__Exercise materials__:
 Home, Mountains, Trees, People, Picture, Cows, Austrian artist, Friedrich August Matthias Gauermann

---

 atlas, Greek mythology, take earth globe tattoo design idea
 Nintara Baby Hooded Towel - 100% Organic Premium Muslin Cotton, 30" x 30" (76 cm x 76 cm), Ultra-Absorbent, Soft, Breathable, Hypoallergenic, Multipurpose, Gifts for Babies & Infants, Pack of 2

__What the exercise asks__:
Above are the records; copy exactly the lines from the line with "atlas, Greek mythology, take" through the line with "Nintara Baby Hooded", both included.

__Reply__:
 atlas, Greek mythology, take earth globe tattoo design idea
 Nintara Baby Hooded Towel - 100% Organic Premium Muslin Cotton, 30" x 30" (76 cm x 76 cm), Ultra-Absorbent, Soft, Breathable, Hypoallergenic, Multipurpose, Gifts for Babies & Infants, Pack of 2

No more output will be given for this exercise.